For each record below, output its text exactly and skip any picture.

---------------

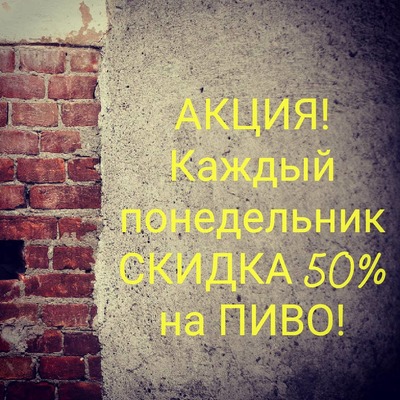 Каждый понедельник скидка 50% на пиво | Акция от Ресторан-пивоварня Корс | Say Here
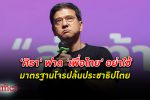 ศิธา เปิดที่มาประธานสภาฯ ซัด เพื่อไทย อย่าใช้ มาตรฐานโจร ปล้นประชาธิปไตย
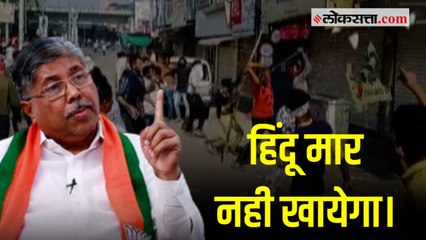 भाजपाने दिलेल्या 'अमरावती बंद'च्या हाकेवर चंद्रकांत पाटील यांची प्रतिक्रिया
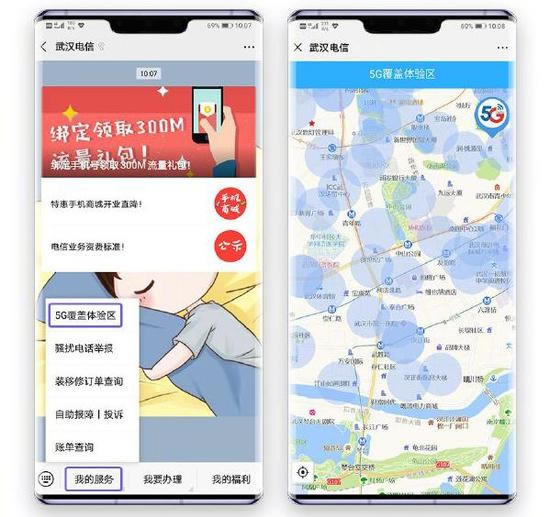 ������������ ��ΪMate30ϵ��5G��ʹ��5G����ķ����̳�_��׿�ֻ�_�ֻ�ѧԺ_��վ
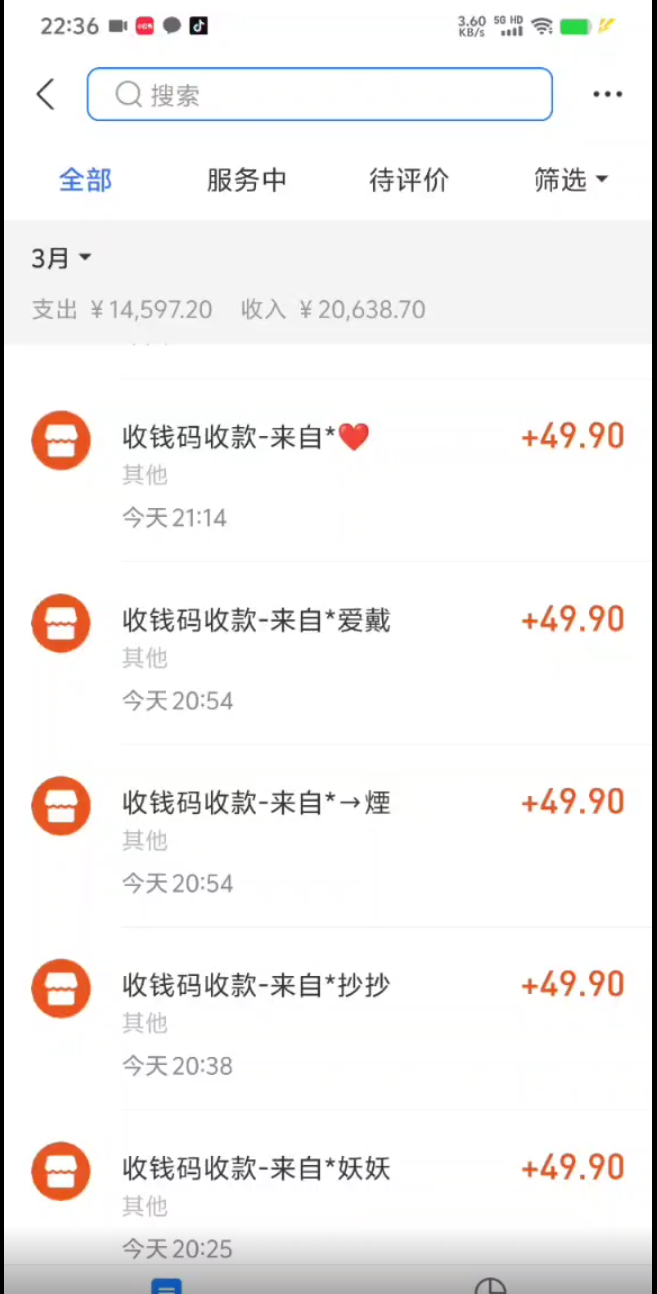 （9338期）小红书虚拟项目，适合小白的长期项目，日入500＋（附带最全资料270G）-2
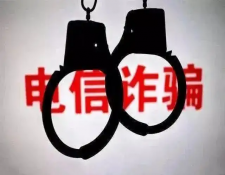 帮信罪的特点和辩护方向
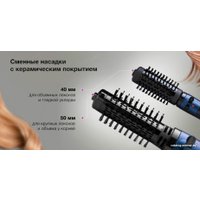 Фен-щетка Hyundai H-HB0110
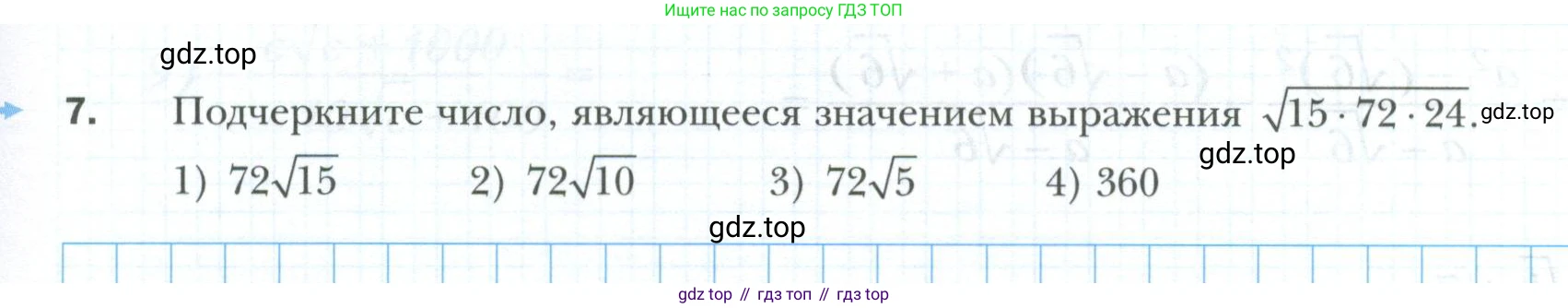 ГДЗ Алгебра, 8 класс рабочая тетрадь, авторы: Мерзляк Аркадий Григорьевич, Полонский Виталий Борисович, Якир Михаил Семёнович, издательство Просвещение, Москва, 2021, голубого цвета, Часть 2, страница 37, номер 7, Условие
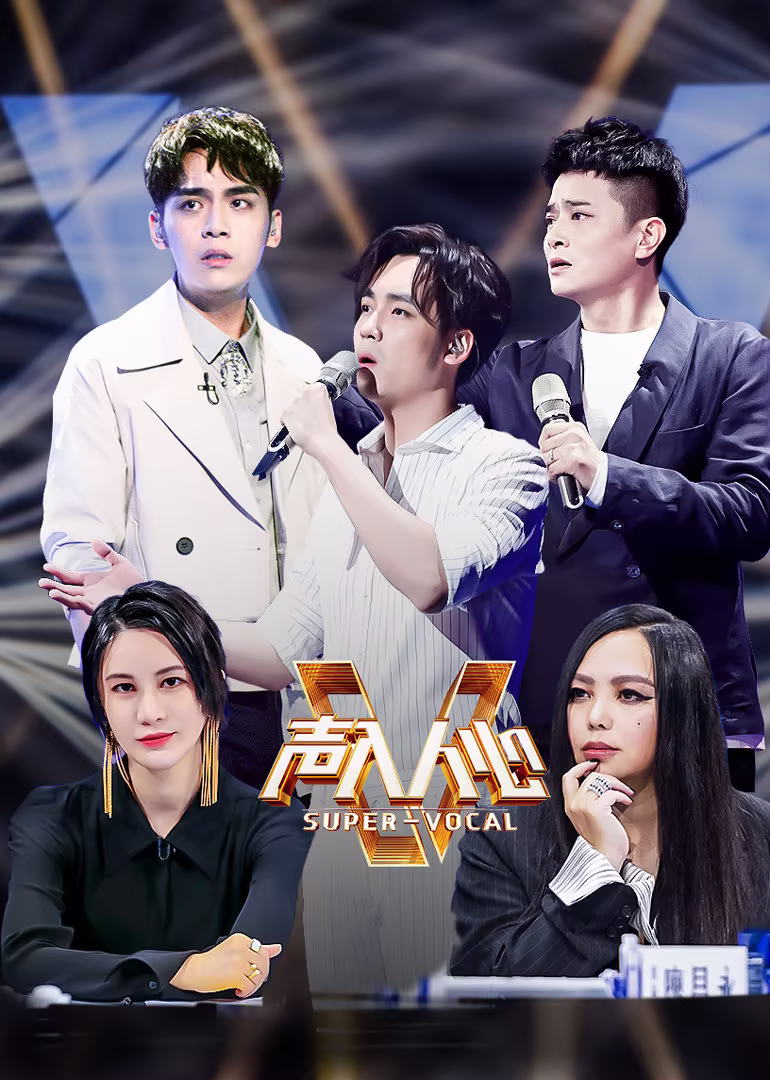 打抓克又叫又痛剧照2
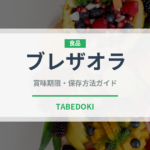 ブレザオラ（輸入食品）の賞味期限と正しい保存方法｜長持ちさせるコツ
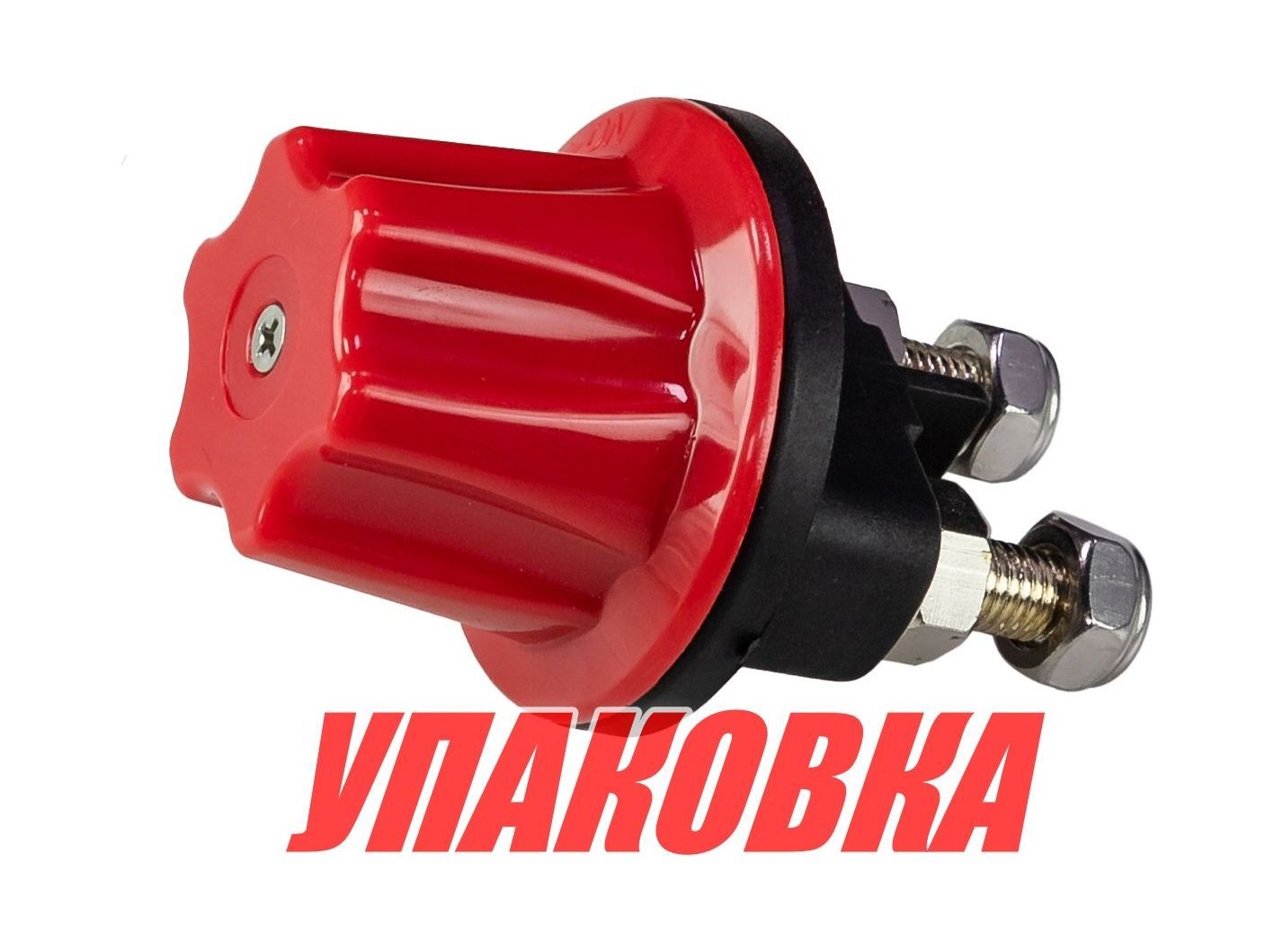 Купить Выключатель массы Heavy Duty ON-OFF (1 АКБ) 180А (упаковка из 6 шт.) AAA 10090-HD_pkg_6 7ft.ru в интернет магазине Семь Футов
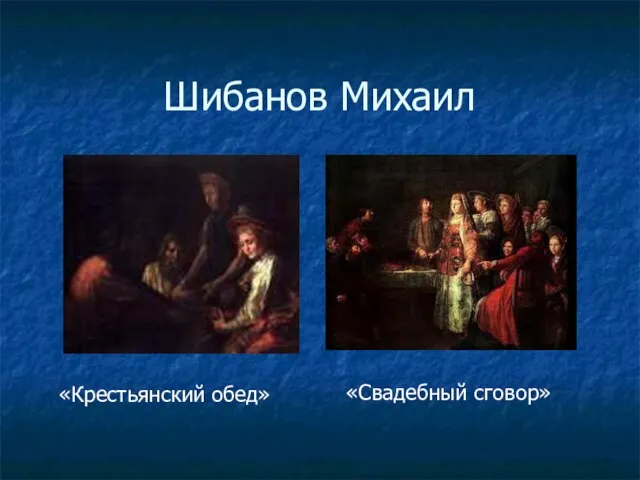 Шибанов Михаил «Крестьянский обед» «Свадебный сговор»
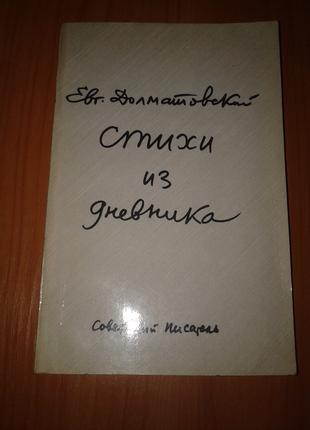 Книга Евгений Долматовский "Стихи из Дневника". 1986 год.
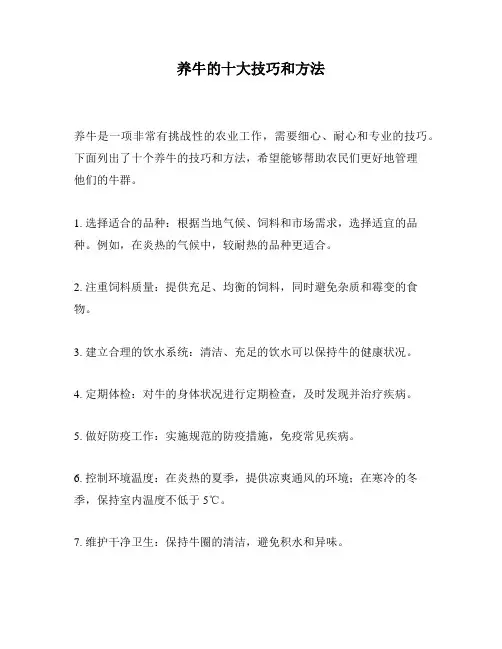 养牛的十大技巧和方法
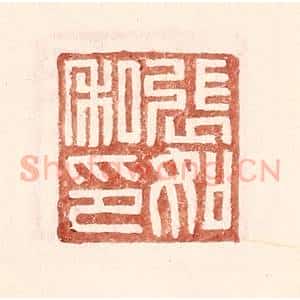 明 王常辑 印谱《张如私印》篆刻印章作品图片欣赏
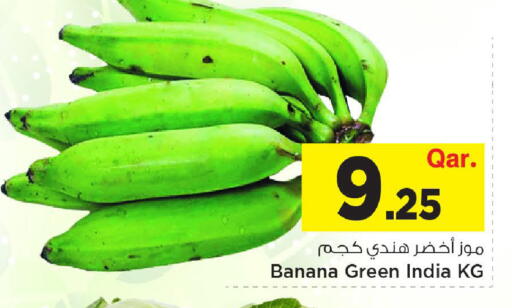 Banana available at Mark & Save  in Qatar - Al Wakra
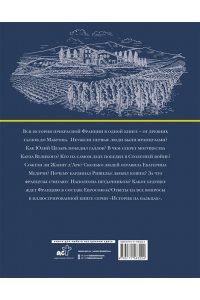 Франция. Полная история (подарочное издание)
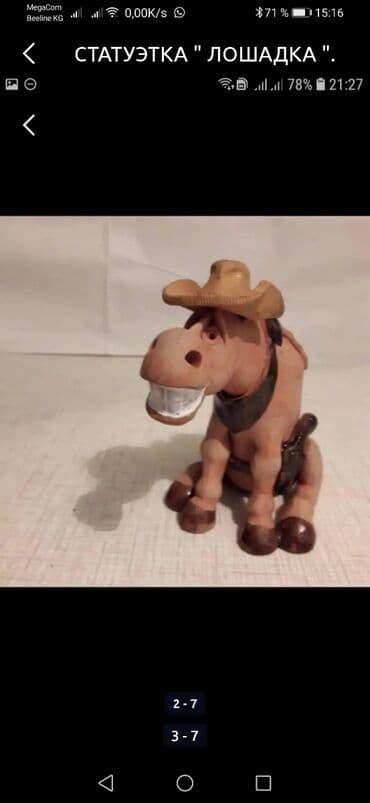 продаю медали: Статуэтки. Влюблённая пара Лошадка Подсвечник - будда - - - — 3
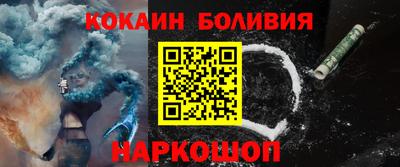 марки lsd Обь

---------------

■ Exercise output:
 Каждый понедельник скидка 50% на пиво | Акция от Ресторан-пивоварня Корс | Say Here
 ศิธา เปิดที่มาประธานสภาฯ ซัด เพื่อไทย อย่าใช้ มาตรฐานโจร ปล้นประชาธิปไตย
 भाजपाने दिलेल्या 'अमरावती बंद'च्या हाकेवर चंद्रकांत पाटील यांची प्रतिक्रिया
 ������������ ��ΪMate30ϵ��5G��ʹ��5G����ķ����̳�_��׿�ֻ�_�ֻ�ѧԺ_��վ
 （9338期）小红书虚拟项目，适合小白的长期项目，日入500＋（附带最全资料270G）-2
 帮信罪的特点和辩护方向
 Фен-щетка Hyundai H-HB0110
 ГДЗ Алгебра, 8 класс рабочая тетрадь, авторы: Мерзляк Аркадий Григорьевич, Полонский Виталий Борисович, Якир Михаил Семёнович, издательство Просвещение, Москва, 2021, голубого цвета, Часть 2, страница 37, номер 7, Условие
 打抓克又叫又痛剧照2
 ブレザオラ（輸入食品）の賞味期限と正しい保存方法｜長持ちさせるコツ
 Купить Выключатель массы Heavy Duty ON-OFF (1 АКБ) 180А (упаковка из 6 шт.) AAA 10090-HD_pkg_6 7ft.ru в интернет магазине Семь Футов
 Шибанов Михаил «Крестьянский обед» «Свадебный сговор»
 Книга Евгений Долматовский "Стихи из Дневника". 1986 год.
 养牛的十大技巧和方法
 明 王常辑 印谱《张如私印》篆刻印章作品图片欣赏
 Banana available at Mark & Save  in Qatar - Al Wakra
 Франция. Полная история (подарочное издание)
 продаю медали: Статуэтки. Влюблённая пара Лошадка Подсвечник - будда - - - — 3
 марки lsd Обь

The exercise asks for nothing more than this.